Sony BMG Music Entertainment distributed a copy-protection scheme with music CDs that secretly installed a rootkit on your computers. A rootkit is a software usually used by an intruder after gaining access to your computer and in order to steal information, track your habits, collect your preferences without your knowledge nor your consent. Moreover, you can’t remove it since it will damage your operating system (the main software of your computer).

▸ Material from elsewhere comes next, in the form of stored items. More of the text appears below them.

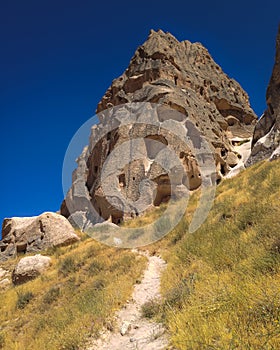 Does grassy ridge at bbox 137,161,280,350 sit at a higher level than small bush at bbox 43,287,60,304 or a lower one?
lower

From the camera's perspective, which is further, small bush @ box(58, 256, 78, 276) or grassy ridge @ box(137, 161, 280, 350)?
small bush @ box(58, 256, 78, 276)

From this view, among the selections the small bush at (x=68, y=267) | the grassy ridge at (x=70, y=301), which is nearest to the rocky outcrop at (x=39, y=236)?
the grassy ridge at (x=70, y=301)

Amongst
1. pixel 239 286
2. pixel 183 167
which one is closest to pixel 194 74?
pixel 183 167

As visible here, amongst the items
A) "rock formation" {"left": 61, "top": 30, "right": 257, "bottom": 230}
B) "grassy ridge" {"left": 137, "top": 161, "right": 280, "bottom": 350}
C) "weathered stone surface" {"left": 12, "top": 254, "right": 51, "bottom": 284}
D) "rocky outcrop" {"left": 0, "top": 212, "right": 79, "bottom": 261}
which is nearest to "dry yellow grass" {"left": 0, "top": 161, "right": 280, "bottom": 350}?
"grassy ridge" {"left": 137, "top": 161, "right": 280, "bottom": 350}

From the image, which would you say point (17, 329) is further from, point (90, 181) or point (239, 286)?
point (90, 181)

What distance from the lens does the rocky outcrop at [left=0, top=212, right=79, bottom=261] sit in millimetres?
16328

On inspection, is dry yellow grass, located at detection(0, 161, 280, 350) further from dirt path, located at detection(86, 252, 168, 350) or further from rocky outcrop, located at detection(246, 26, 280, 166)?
rocky outcrop, located at detection(246, 26, 280, 166)

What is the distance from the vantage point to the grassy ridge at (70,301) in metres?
5.20

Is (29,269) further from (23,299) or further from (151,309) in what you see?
(151,309)

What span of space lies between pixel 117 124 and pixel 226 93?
901 inches

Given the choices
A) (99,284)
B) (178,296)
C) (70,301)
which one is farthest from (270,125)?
(70,301)

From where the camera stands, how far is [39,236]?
56.8 feet

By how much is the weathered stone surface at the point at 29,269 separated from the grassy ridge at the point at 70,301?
1.54 feet

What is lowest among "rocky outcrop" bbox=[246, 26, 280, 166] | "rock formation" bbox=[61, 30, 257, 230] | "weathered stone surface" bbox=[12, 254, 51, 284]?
"weathered stone surface" bbox=[12, 254, 51, 284] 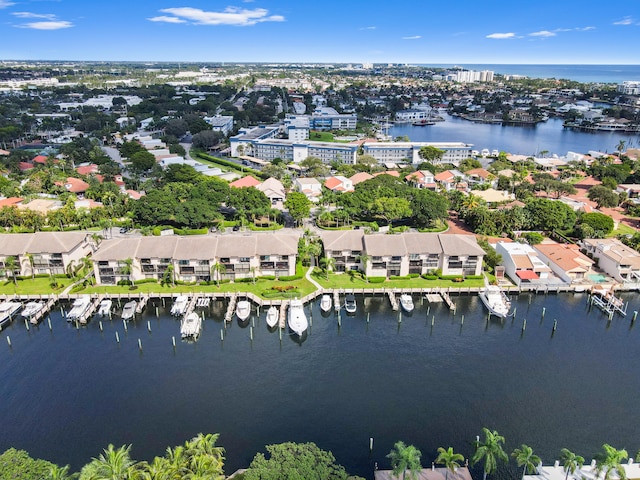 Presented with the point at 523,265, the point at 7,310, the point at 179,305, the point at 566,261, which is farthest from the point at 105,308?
the point at 566,261

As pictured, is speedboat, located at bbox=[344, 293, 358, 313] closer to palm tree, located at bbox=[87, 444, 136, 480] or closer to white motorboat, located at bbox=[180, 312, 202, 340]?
white motorboat, located at bbox=[180, 312, 202, 340]

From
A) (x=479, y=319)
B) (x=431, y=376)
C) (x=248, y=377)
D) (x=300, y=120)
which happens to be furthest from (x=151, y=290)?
(x=300, y=120)

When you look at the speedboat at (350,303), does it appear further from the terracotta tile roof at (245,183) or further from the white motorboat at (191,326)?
the terracotta tile roof at (245,183)

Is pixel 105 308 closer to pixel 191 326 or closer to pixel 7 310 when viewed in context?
pixel 7 310

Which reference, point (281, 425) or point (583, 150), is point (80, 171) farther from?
point (583, 150)

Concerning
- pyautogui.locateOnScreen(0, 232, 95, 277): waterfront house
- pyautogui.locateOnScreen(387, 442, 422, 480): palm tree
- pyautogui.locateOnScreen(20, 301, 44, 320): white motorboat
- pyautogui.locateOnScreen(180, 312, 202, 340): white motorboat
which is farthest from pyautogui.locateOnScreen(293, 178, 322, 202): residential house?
pyautogui.locateOnScreen(387, 442, 422, 480): palm tree

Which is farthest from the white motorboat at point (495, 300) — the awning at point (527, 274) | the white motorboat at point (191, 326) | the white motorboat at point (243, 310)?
the white motorboat at point (191, 326) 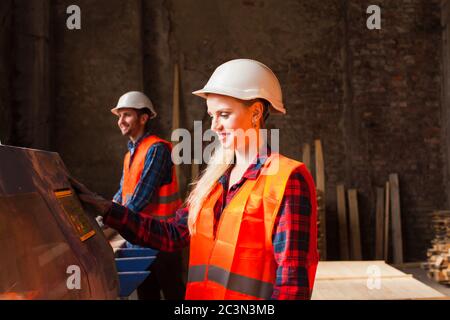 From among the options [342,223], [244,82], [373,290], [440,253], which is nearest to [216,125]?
[244,82]

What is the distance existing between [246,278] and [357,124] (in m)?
6.23

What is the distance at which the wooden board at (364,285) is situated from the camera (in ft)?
10.8

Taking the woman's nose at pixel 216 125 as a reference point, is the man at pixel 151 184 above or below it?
below

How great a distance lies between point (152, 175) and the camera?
3949mm

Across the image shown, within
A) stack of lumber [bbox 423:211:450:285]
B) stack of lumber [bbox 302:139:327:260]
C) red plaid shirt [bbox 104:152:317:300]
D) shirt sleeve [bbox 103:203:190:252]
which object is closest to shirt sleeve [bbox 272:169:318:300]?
red plaid shirt [bbox 104:152:317:300]

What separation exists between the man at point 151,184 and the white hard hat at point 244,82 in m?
2.14

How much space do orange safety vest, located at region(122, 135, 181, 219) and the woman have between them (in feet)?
6.43

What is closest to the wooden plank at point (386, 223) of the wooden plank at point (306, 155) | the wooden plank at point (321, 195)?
the wooden plank at point (321, 195)

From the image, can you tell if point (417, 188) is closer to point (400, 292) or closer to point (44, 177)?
point (400, 292)

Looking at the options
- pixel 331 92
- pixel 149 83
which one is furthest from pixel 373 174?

Since I like freedom of speech and free software, I doesn’t understand the need to control what the consumer is doing with your product. In my opinion, a “copy-protection scheme” (aka. DRM) is only there to improve the company profits, not the consumer experience with the media. And, here, this scheme gives the consumer a very bad experience: with Sony rootkit, your computer is not only giving your secrets to a third party but crackers can also access it (and all the information you stored inside) without your consent.
But Bruce Schneier is also pointing the fact that big “computer-security” companies like Symantec and McAfee did not react quickly to this threat to your safety. The news revealing the existence of Sony rootkit broke on October 31st. And, on November 15th, they only published tools to remove the software that hides Sony rootkit: the rootkit is still there, in half a million computers! The fallacious excuse is that removing the rootkit may harm the computer. Are they “computer(-security) specialists”? People are paying them for the protection of their computer. They are protecting your computer from virii, worms and malware written by “criminal organizations” but not by a multinational corporation?
This makes me laugh … It is as if you hire a bodyguard that will protect you from any John Doe attempting to steal your money but will allow big corporation guys to steal your identity and social security cards, your agenda, your documents, etc. Will you continue to trust your bodyguard? Will you continue to pay the annual fee for “protection”? I don’t think so.